BEIJING (BLOOMBERG) – China’s banks face mortgage losses of 2.4 trillion yuan (S$491.5 billion) in a worst-case scenario as confidence plunges in the nation’s property market and the authorities struggle to contain deepening turmoil.

A spiralling crisis of stalled projects has dented the confidence of hundreds of thousands of home buyers, triggering a mortgage boycott across more than 90 cities and warnings of broader systemic risks. The big question now is not if, but how much it will batter the nation’s US$56 trillion (S$77.3 trillion) banking system.

In a worst-case scenario, S&P Global Ratings estimated that 2.4 trillion yuan, or 6.4 per cent of mortgages, is at risk, while Deutsche Bank is warning that at least 7 per cent of home loans are in danger. So far, listed banks have reported just 2.1 billion yuan in delinquent mortgages as directly affected by the boycotts.
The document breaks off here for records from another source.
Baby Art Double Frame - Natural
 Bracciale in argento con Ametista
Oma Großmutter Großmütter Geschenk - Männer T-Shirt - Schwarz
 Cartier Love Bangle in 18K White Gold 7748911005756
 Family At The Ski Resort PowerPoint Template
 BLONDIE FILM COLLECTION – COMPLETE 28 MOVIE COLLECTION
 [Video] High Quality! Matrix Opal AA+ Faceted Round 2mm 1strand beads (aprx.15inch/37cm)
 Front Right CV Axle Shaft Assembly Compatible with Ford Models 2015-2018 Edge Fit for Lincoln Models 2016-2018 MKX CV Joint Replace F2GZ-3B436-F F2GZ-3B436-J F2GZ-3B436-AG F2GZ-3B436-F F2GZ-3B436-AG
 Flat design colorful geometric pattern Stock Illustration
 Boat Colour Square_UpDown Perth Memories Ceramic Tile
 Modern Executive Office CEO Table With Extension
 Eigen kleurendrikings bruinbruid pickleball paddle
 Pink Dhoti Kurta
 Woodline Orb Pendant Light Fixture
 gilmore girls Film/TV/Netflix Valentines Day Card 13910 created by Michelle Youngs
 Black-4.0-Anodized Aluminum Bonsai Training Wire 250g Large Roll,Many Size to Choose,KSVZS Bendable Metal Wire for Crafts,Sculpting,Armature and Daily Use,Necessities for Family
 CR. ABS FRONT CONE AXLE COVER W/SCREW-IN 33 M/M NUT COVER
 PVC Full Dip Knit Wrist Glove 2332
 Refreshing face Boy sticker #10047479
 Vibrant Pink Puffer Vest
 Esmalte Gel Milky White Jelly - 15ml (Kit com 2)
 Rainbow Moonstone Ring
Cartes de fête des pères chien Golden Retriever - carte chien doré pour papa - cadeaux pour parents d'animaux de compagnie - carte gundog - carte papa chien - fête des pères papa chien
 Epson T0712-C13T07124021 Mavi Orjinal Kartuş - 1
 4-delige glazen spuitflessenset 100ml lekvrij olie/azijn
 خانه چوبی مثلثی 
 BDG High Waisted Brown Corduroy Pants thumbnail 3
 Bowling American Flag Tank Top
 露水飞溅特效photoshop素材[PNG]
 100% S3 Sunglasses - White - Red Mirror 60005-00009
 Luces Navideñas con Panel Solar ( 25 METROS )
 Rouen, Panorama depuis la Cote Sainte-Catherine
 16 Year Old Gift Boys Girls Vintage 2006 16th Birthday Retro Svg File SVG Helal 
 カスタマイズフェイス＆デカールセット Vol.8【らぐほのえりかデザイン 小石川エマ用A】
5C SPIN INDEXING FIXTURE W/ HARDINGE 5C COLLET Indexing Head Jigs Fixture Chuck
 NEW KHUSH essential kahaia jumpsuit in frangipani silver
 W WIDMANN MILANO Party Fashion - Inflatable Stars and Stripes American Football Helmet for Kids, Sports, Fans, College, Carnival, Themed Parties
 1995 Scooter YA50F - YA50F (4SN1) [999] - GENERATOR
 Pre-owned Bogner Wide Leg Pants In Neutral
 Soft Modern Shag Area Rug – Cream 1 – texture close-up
“Banks are caught in the middle,” said finance professor Chen Zhiwu from the University of Hong Kong Business School. “If they don’t help the developers finish the projects, they would end up losing much more. If they do, that, of course, would make the government happy, but they add more to their exposure to delayed real estate projects.”

Already rattled by headwinds from slowing economic growth, Covid-19 disruptions and record high youth unemployment, Beijing is placing financial and social stability at the top of its priorities. Efforts that have been contemplated so far included a grace period on mortgage payments and a central bank-backed fund to lend financial support to developers. Either way, banks are expected to play an active role in a concerted state bailout.

The exposure of Chinese banks to the property sector tops that of any other industry. There was 39 trillion yuan of outstanding mortgages and another 13 trillion yuan of loans to developers at the end of March, according to data from the People’s Bank of China.

The real estate market is “the ultimate foundation” for financial stability in China, Teneo Holdings managing director Gabriel Wildau said in a note in July.

As the authorities move to keep risks in check, lenders with high exposure could come under greater scrutiny. Mortgages accounted for about 34 per cent of total loans at Postal Savings Bank of China and China Construction Bank at the end of 2021, above a regulatory cap of 32.5 per cent for the biggest banks.

About 7 per cent of outstanding mortgage loans could be impacted if the defaults spread, according to Deutsche Bank analyst Lucia Kwong. This estimate may still be conservative given the limited access to information on the unfinished projects, she said.

Local banks – city and rural commercial lenders – could shoulder more responsibility than state peers, based on earlier bailouts and also due to their stronger ties with local governments, though their capital buffers lag far behind the industry average.

Chinese banks have raised a record amount of capital in the first half from bond sales as they prepare for a potential spike in soured loans.

Bad loans at lenders, which amounted to 2.9 trillion yuan at the end of March, are poised to reach new records and further strain an economy that is expanding at the slowest pace since the onset of the Covid-19 outbreak.

While China’s total debt-to-gross domestic product is forecast to climb to a fresh record this year, consumers have been reluctant to take on more leverage. This has ignited a debate over the risk of China falling into a “balance sheet recession”, with households and companies cutting back on spending and investing.